▸ INFORMATION PROVIDED
********

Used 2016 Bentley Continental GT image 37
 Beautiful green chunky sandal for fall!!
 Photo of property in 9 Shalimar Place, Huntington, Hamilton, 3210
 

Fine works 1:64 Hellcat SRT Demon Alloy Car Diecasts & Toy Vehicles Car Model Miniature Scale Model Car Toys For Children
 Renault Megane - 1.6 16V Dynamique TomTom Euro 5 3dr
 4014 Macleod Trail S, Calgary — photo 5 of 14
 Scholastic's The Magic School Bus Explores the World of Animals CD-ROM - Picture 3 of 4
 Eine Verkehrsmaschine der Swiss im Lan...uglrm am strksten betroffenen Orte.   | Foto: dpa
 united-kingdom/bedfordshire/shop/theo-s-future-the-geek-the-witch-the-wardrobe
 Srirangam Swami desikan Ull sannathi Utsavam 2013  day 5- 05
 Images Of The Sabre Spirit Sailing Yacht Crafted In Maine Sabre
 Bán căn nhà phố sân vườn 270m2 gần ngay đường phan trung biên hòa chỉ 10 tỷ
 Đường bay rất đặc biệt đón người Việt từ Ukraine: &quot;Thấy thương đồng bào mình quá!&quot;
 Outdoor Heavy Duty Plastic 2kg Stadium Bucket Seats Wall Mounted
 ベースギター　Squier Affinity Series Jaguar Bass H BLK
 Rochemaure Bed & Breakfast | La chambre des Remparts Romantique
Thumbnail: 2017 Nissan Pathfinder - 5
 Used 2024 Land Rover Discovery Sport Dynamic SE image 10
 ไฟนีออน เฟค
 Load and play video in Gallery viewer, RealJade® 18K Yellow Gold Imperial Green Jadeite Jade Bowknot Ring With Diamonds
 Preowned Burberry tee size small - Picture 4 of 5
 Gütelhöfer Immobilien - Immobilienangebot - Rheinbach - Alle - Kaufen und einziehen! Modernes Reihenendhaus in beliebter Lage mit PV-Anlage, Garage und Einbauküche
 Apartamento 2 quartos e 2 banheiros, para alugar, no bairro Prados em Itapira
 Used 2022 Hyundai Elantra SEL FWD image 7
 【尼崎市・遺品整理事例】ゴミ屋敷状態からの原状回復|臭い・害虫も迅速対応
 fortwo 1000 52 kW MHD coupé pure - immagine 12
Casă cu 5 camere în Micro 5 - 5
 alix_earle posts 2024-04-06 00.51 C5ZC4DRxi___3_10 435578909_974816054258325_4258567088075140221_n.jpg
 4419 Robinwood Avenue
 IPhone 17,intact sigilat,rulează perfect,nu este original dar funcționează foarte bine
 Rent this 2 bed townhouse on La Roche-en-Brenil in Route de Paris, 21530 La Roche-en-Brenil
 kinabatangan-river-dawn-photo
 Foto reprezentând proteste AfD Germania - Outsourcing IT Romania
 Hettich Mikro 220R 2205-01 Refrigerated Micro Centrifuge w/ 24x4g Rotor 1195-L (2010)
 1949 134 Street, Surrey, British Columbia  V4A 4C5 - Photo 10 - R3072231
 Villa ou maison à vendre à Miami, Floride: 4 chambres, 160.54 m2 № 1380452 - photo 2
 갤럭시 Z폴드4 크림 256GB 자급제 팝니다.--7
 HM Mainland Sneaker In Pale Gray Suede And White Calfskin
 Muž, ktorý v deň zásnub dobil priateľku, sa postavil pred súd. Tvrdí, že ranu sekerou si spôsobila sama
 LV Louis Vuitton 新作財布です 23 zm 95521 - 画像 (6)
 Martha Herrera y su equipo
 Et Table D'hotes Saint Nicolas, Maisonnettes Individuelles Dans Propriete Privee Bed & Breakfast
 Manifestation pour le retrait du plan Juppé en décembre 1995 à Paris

********

▸ TRY IT
Scan the listing above for the line that has "Outdoor Heavy Duty", then copy exactly from that line through the line that has "ไฟนีออน เฟค".

▸ RESPONSE BELOW
 Outdoor Heavy Duty Plastic 2kg Stadium Bucket Seats Wall Mounted
 ベースギター　Squier Affinity Series Jaguar Bass H BLK
 Rochemaure Bed & Breakfast | La chambre des Remparts Romantique
Thumbnail: 2017 Nissan Pathfinder - 5
 Used 2024 Land Rover Discovery Sport Dynamic SE image 10
 ไฟนีออน เฟค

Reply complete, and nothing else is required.